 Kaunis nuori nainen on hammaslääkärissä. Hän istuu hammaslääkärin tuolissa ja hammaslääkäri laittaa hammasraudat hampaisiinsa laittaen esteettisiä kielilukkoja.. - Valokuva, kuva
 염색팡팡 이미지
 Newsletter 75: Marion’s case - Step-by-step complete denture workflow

-=-=-

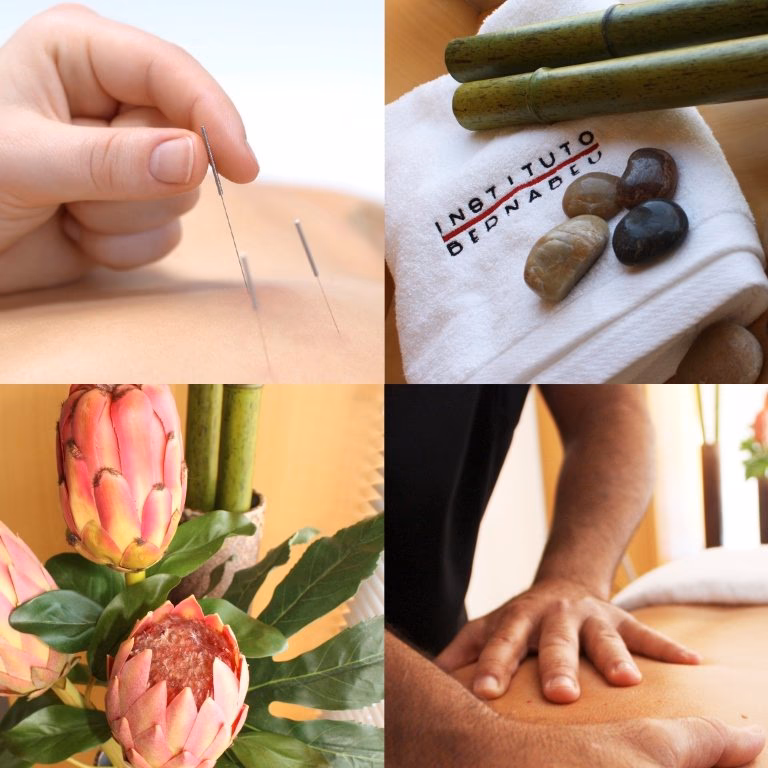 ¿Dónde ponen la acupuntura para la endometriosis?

-=-=-

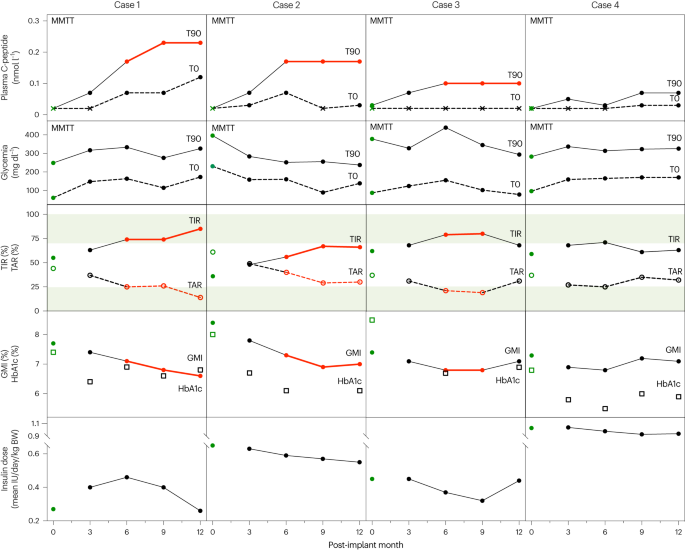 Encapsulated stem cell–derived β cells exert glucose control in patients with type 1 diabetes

-=-=-

**Problem requirements:** The stretch of entries above that starts with the line containing "Kaunis nuori nainen" and goes on through the line containing "Newsletter 75: Marion’s" is to be transcribed exactly, and no other line is to be transcribed.

**The completed task:**
 Kaunis nuori nainen on hammaslääkärissä. Hän istuu hammaslääkärin tuolissa ja hammaslääkäri laittaa hammasraudat hampaisiinsa laittaen esteettisiä kielilukkoja.. - Valokuva, kuva
 염색팡팡 이미지
 Newsletter 75: Marion’s case - Step-by-step complete denture workflow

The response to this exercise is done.